GEORGES VON SWETLIK, ICON MOTIF, BYZANTUÍNE SERIES.
Sign. G. Howora v. Swetlik. 1979. Unvarnished egg tempera on paper 62x46 cm.
GEORGES VON SWETLIK WAS A EUROPEAN ARTIST IN FINLAND
Georges von Swetlik spent most of his life and career in Finland, creating an extensive and partly pioneering artistic heritage. Born in St. Petersburg in 1912, he fled the Russian Revolution and spent much of his childhood on the Russian Black Sea Coast and in Constantinople before the von Swetlik family finally settled in Helsinki in 1923. The von Swetliks were descendants of an ancient Bohemian feudal clan, and the young man was raised in surroundings that combined Russian, international and Swedish-speaking Finnish influences. This Russian background led to difficulties after the Second World War, and though keen to emigrate to the USA, von Swetlik only reached Sweden before gravitating back to Finland by force of circumstances in the early 1950s. It was here that he lived out the rest of his days, initially in Helsinki and subsequently in nearby Western Uusimaa.
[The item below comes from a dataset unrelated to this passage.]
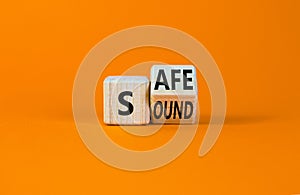 Safe and sound symbol. Turned a wooden cube and changed the word `safe` to `sound` or vice versa. Beautiful orange table, oran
A precocious artist, he began painting as a teenager in the 1920s with an early interest in Russian realism soon giving way to classical European art. Though two leading painters, the Russian Ilya Repin and the Finnish Akseli Gallen-Kallela, were willing to admit von Swetlik to their master classes, neither of these artists lived to see his offer taken up. Both had forecast a brilliant career for the young man. With support from the industrialist and patron of the arts Gösta Serlachius in the 1930s, von Swetlik gained a reputation as a skilled portraitist. Serlachius also sent him to Paris, where he sought to hone his skills by copying classic works on display at the Louvre, thereby enlisting Rembrandt, Titian and Velasquez as his de facto teachers. This classical period in von Swetlik’s artistic development was followed by an encounter with impressionism.
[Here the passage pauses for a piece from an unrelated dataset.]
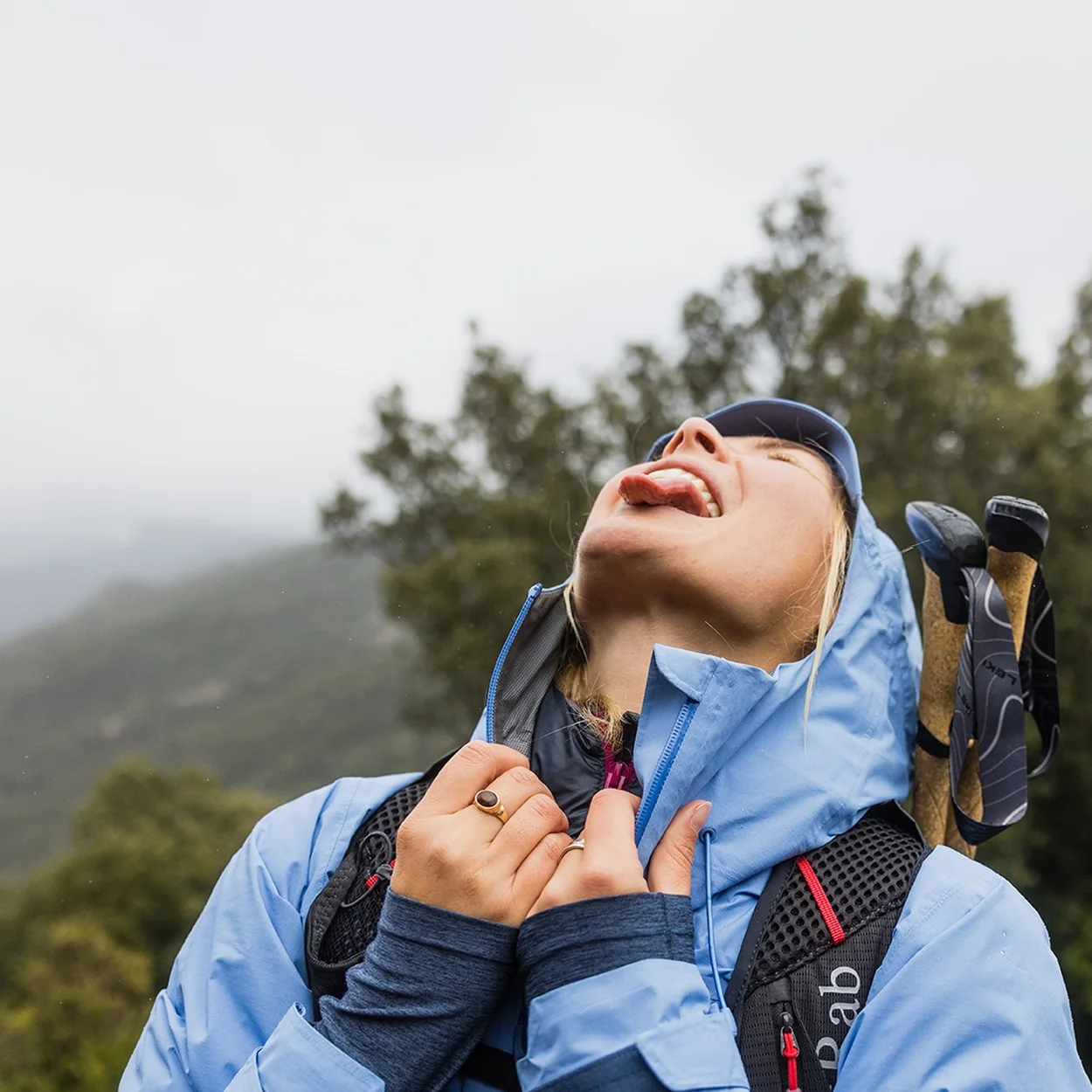 Cotswold Outdoor blue insulated jacket worn on a hill walk with trekking poles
The various stages of his career carried von Swetlik through the history of art in an unusually systematic way. In the spirit of the time he only painted once during the abstract period in 1950s, and instead this became a stage of technical and artistic preparation for a new way of painting that he would make entirely his own. At the end of this decade he devoted himself to a unique style of figure painting that sought thematic axioms in antiquity and classical literature. He painted in virtuoso style, idiosyncratically applying an egg tempera technique and working like a composer through countless possible variations of compositional opportunity and colour schemes to realise a distinctive touch, tone and illuminating mystique. Notwithstanding the Biblical theme of the wise and foolish virgins, his goals remained artistic with light, man and rhythm combining to bring forth a musical entity. His Byzantine series treats icon subjects, seeking an impression of fresco technique. Commenting on a French exhibition of von Swetlik’s work in 1967, the artist André Verdet observed that “far from contemporary aspirations and discoveries, von Swetlik takes his dream to the extreme. The tradition that he maintains lives on.”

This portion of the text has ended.